While maintaining that “local markets vary widely,”Realtor.com released its predictions for the national housing market in the new year. The forecast includes a few bright spots, a couple of looming clouds, and some normalcy expected to precipitate the market in the coming year.
Among the bright spots are the rising tide of positive equity and abating foreclosures.
While 2.5 million homeowners rose from underwater during the second half of this year, 7.1 million homeowners remain below water. Furthermore, 10 million homeowners have less than 20 percent equity in their homes, according to Realtor.com.
However, “[t]he good news is that prices are expected to continue rising in 2014, which will lift more homeowners into positive territory,” according to Realtor.com.
A second positive trend that will continue into the new year is declining foreclosures.
In the third quarter of this year, foreclosure starts reached their lowest level since the second quarter of 2006.
September also marked the 36th straight month of declining foreclosure activity on an annual basis, according to Realtor.com; and this movement is expected to continue in 2014.
The new year will bring a couple clouds to the market, including rising mortgage rates and declining affordability.
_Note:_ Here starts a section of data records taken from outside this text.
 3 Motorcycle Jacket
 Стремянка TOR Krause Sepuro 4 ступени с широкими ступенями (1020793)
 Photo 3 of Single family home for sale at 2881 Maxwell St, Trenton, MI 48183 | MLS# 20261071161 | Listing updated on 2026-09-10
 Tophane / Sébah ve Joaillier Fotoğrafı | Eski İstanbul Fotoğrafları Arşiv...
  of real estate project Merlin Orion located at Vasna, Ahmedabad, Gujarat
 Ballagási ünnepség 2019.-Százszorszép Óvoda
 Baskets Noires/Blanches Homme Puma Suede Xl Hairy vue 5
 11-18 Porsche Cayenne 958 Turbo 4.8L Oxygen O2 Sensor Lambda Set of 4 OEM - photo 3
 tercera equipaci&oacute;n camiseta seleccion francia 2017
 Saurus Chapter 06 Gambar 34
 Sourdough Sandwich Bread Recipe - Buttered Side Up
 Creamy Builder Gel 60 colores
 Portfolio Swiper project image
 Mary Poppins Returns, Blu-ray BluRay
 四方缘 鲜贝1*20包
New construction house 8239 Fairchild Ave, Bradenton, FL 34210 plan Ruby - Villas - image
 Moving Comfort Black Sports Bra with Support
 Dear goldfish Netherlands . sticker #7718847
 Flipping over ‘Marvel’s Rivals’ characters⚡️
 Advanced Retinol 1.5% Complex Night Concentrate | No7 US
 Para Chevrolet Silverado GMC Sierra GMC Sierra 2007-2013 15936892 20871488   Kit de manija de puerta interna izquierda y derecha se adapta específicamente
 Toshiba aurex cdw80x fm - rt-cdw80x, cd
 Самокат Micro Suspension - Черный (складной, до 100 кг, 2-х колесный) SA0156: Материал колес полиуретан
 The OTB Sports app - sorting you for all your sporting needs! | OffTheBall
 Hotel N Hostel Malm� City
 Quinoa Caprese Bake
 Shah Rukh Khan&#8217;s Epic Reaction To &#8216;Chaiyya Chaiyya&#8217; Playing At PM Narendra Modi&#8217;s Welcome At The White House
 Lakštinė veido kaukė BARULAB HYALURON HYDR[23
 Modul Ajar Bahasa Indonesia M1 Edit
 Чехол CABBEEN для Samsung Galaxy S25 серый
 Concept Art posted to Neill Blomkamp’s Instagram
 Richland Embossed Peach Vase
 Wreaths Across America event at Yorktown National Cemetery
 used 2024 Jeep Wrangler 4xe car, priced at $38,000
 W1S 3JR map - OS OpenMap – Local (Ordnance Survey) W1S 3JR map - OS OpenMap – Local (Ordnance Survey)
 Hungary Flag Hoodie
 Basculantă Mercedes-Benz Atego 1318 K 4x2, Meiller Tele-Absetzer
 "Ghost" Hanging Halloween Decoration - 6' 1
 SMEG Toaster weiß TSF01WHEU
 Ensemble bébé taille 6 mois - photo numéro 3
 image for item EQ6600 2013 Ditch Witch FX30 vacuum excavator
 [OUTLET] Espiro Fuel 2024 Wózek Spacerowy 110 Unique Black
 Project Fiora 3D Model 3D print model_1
Mortgage rates have already risen 100 basis points this year, and when the Federal Reserve begins tapering its stimulus spending, rates are likely to spike a little higher.
Rising prices may help bring some homeowners out of a negative equity position, but they also pose a threat to affordability. The rate of price appreciation this year outpaced income growth.
Rising mortgage rates also lead to lower affordability.
Another change to the market in the new year will likely be a rise in inventory, bringing it more in line with normal levels.
“The beginning of 2013 could be characterized as the ‘year of low inventory,’” according to Realtor.com. As the year ends, inventory matches levels seen a year ago, but median age of inventory is 11 percent lower.